Goodbye, year of the water snake, and hello, year of the wooden horse. The Chinese New Year, or Nónglì Xinnián, is coming up on Jan. 31, the first day of the first month of the Chinese calendar.
The Chinese months are determined by both solar and lunar changes, with the new year coming approximately a month and a half after the winter solstice and symbolizing the beginning of spring, explains Peter Newbury, a former professor of astronomy at UBC. As such, the fifteen days of celebration that go from January 31 to are also known as the spring festival.
The Chinese animal signs are a significant part of the new year, with this year ushering in the horse, an animal signifying unexpected adventure and surprising romance, according to astrologer Susan Levitt. These characteristics are the most pertinent to those born in the year of the horse: 1918, 1930, 1942, 1954, 1966, 1978, 1990, 2002, 2014.
An additional astrological factor that isn't as universally recognized is the element put together with each year: either metal, wood, water, fire or earth. These distinguish the year even further, with 2014 known as the year of the wooden horse, or the green wooden horse, as wood is associated with greenery and nature. (You can find out your specific animal and element using this tool at ChineseAstrology.uk.)

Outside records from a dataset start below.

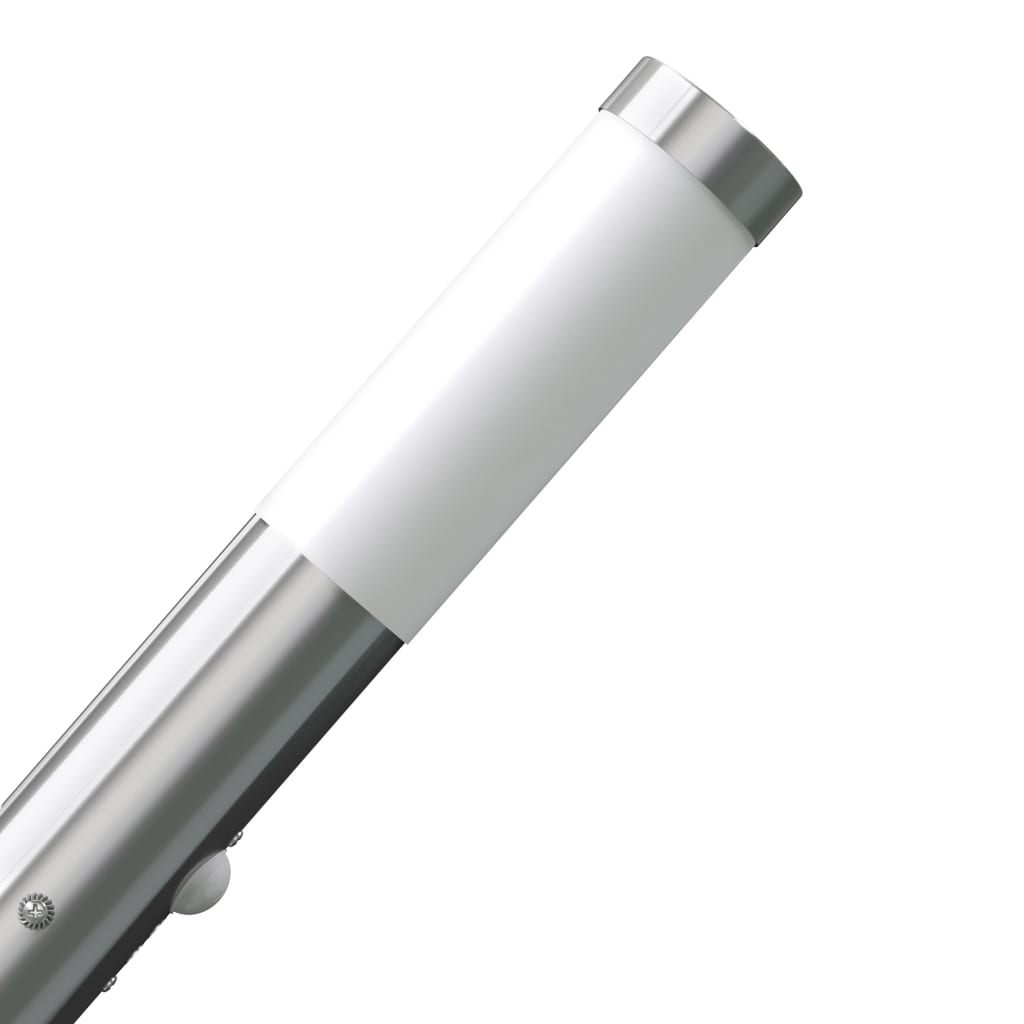 Lampe torche murale avec détecteur de mouvement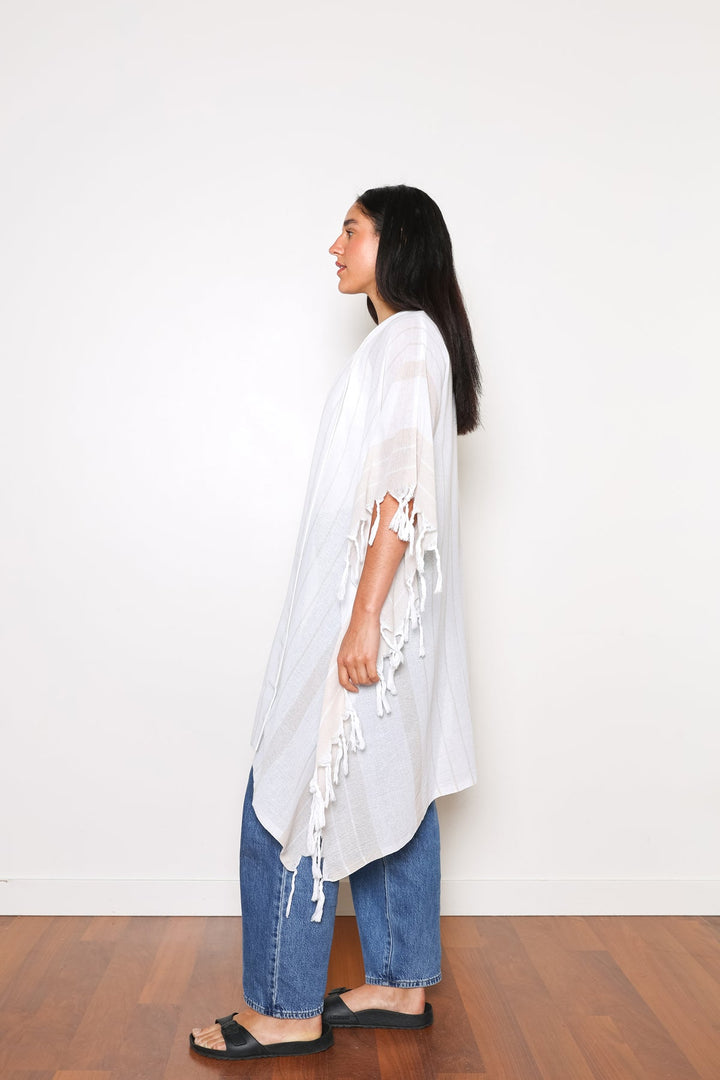 Tofino Towel Rein Coverup - Womens Casual Coverups - Big Sun Vernon  | Okanagan Beachwear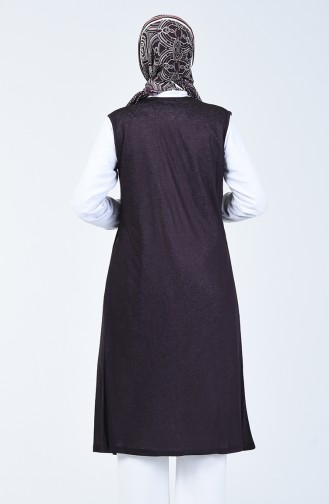 Purple Waistcoats 7818-13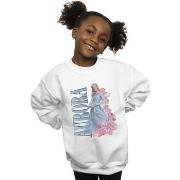 Sweat-shirt enfant Disney Mistress Of Evil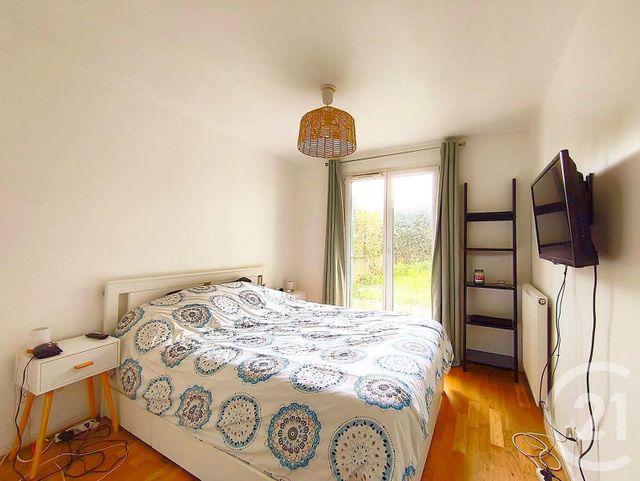 Appartement F3 à vendre - 3 pièces - 64.75 m2 - PONTOISE - 95 - ILE-DE-FRANCE - Century 21 Osmose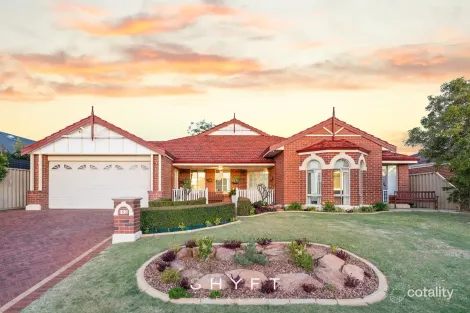 192 Delgado Pde, Iluka, WA 6028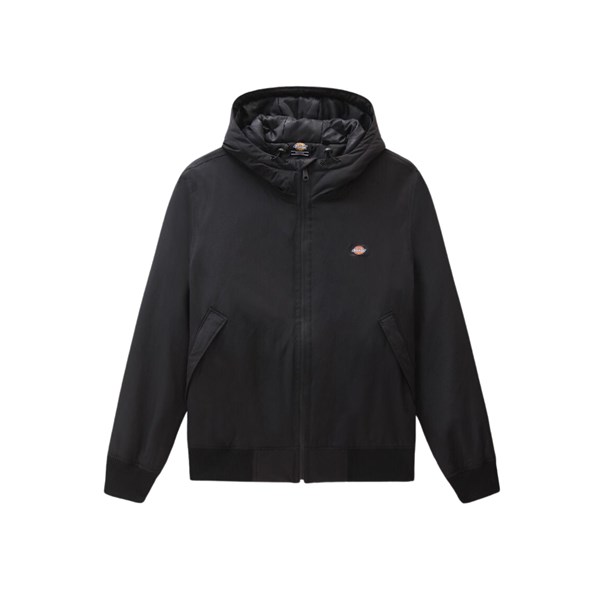 Dickies Bomber Black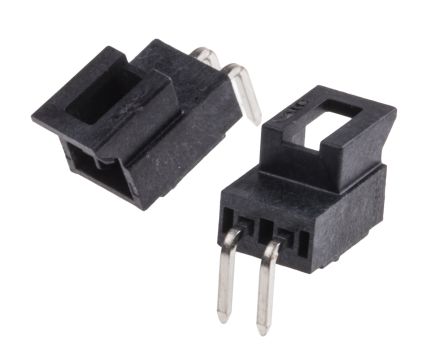Molex 105313-1202 产品图片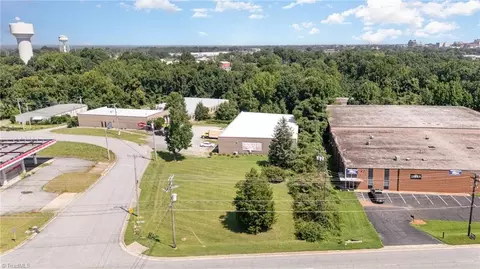 1300 Starr Dr, High Point, NC 27260 photo 4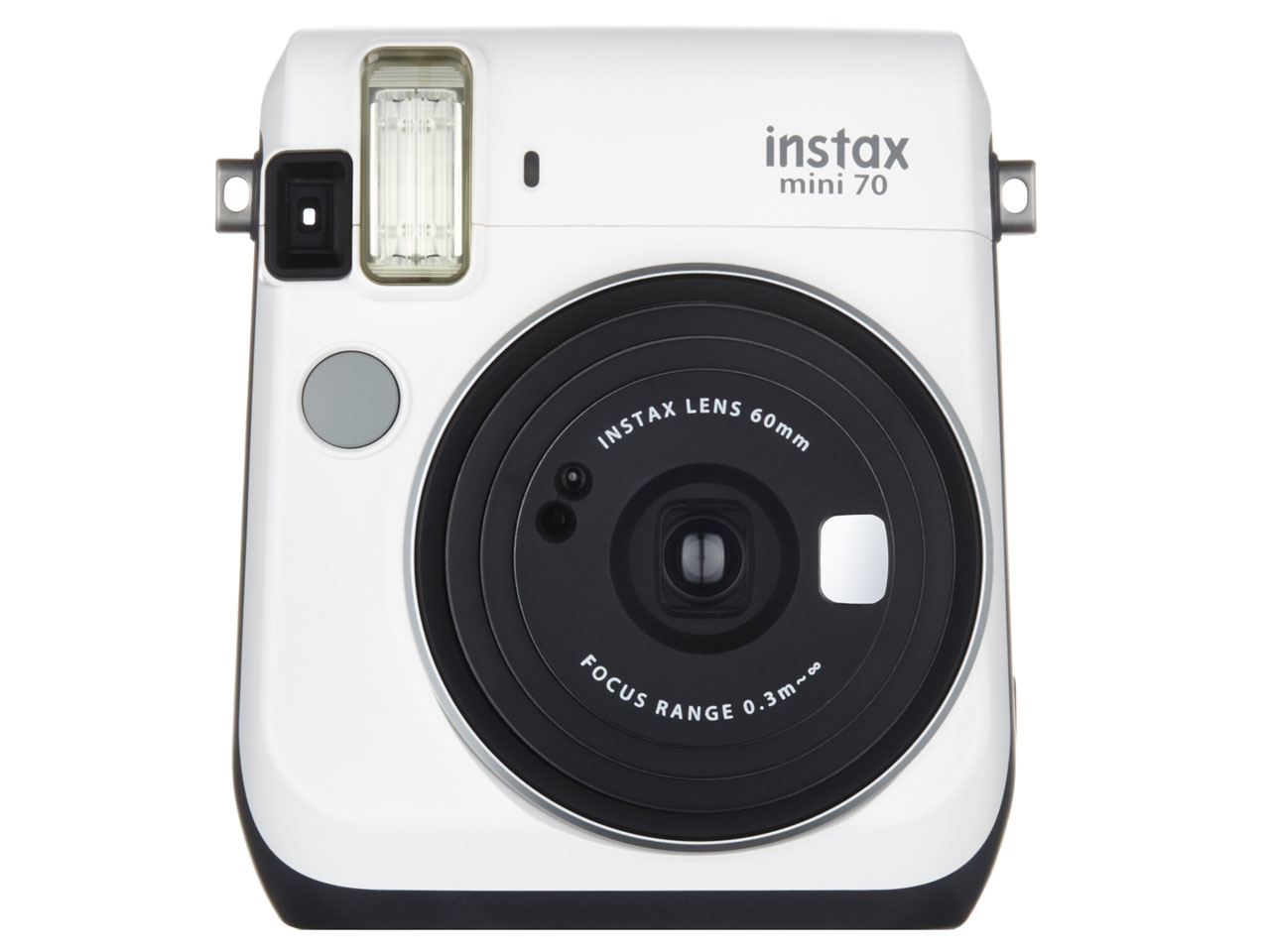 instax mini 70N �`�F�L [�z���C�g] �̐��i�摜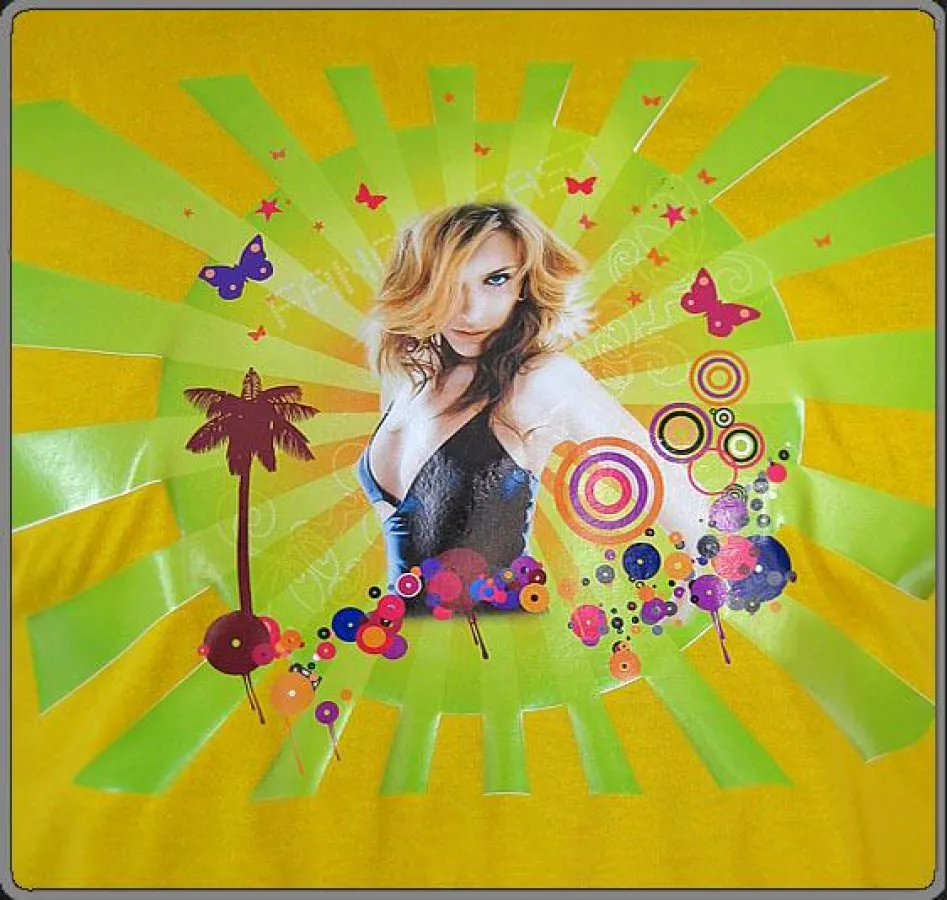 Sommer Shirt bei yourdesignerz.de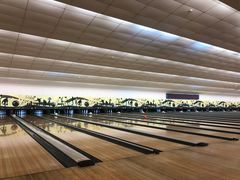 -广州保龄球馆(广州天河体育中心店)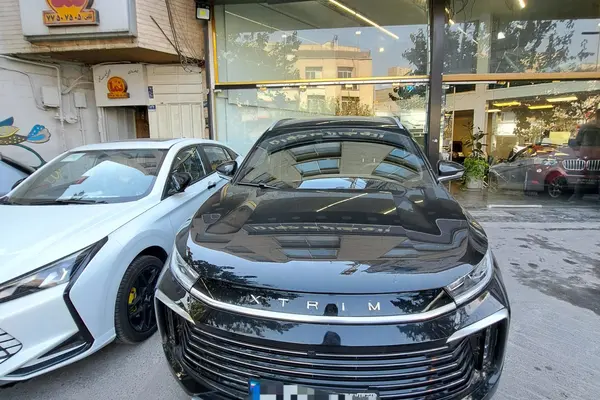 اکستریم TXL (TX)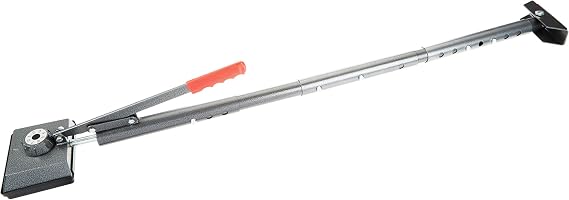 02-4072 Lever Action Carpet Stretcher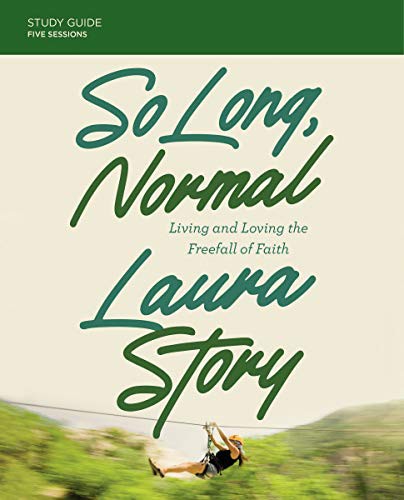 Cover for So Long, Normal Study Guide plus Streaming Video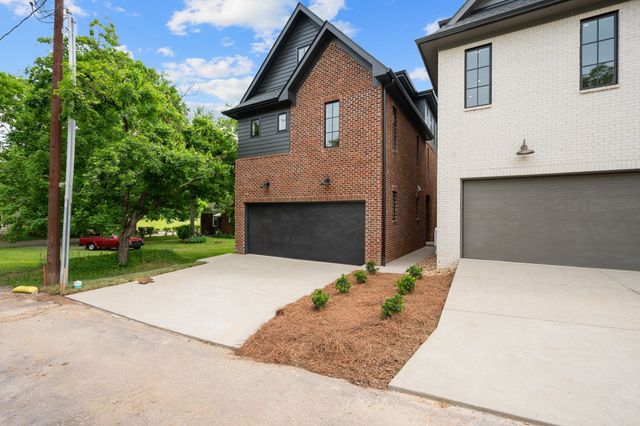 3109 Granny White Pike, Nashville, TN 37204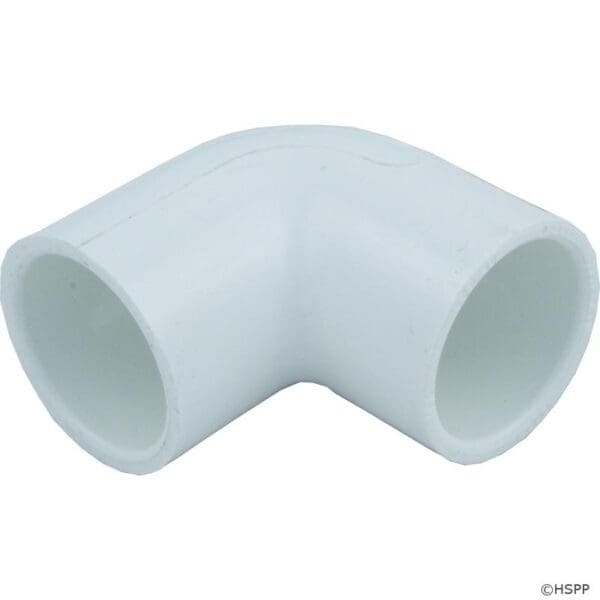 Lasco Pvc 90 Ell Elbow 1" Sch40 - 406-010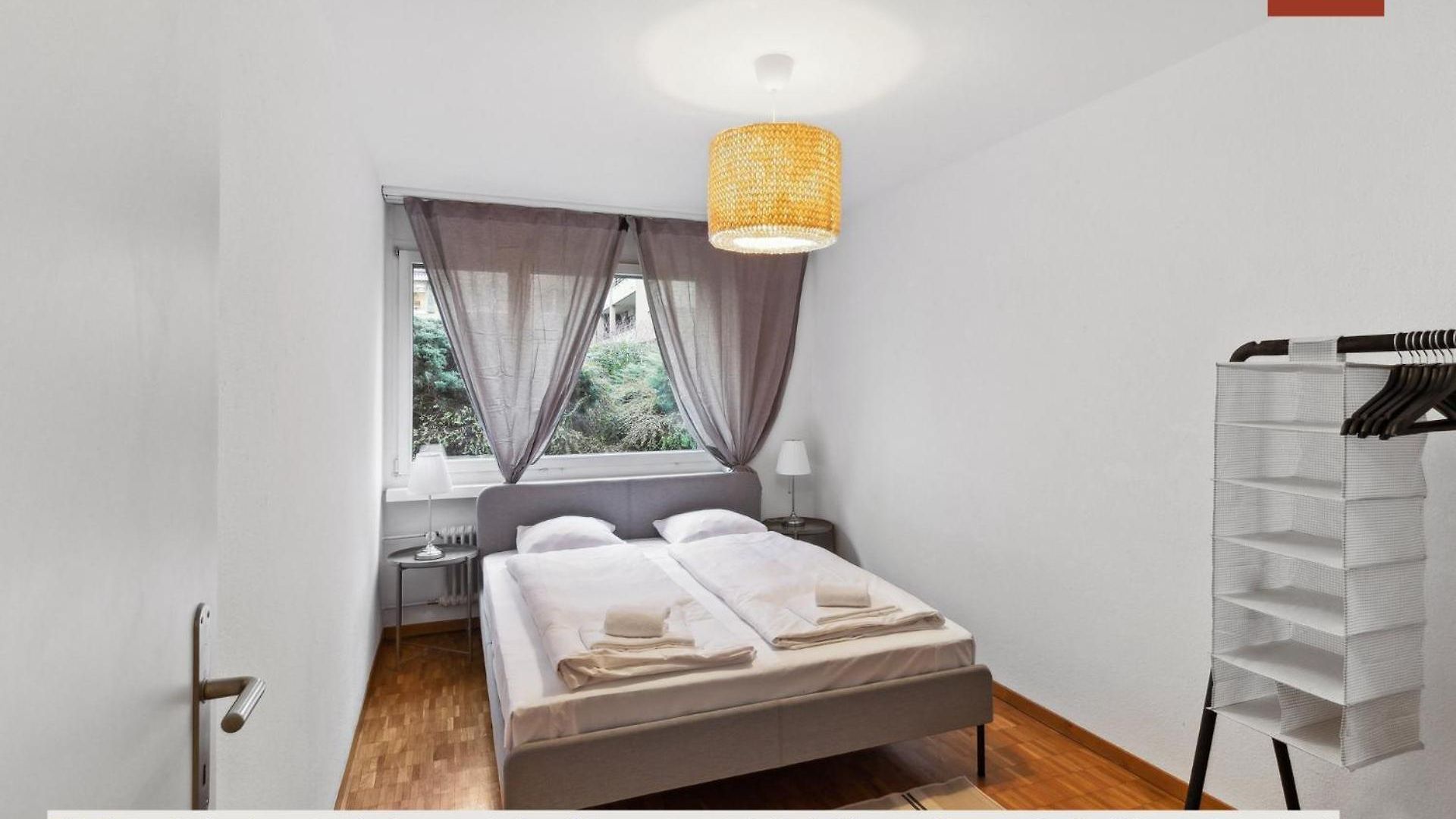 Spacious In * Zurich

Celebrations for the Lunar New Year include parades, wearing red (it's considered a lucky colour) and enjoying time off work. Modern times, however, seem to have changed the traditional holiday within China, with many disappointed to discover the government had not granted an official holiday on Lunar New Year's Eve, Jan. 30, in the western calendar. According to the Guardian, this is usually a time for families to gather together and have dinner, but due to the modernization of the economy, it was changed.
In Canada, with its population of more than 1.5 million people of Chinese heritage, according to the Government of Canada website, celebrations will be held in the many Chinatowns across the country.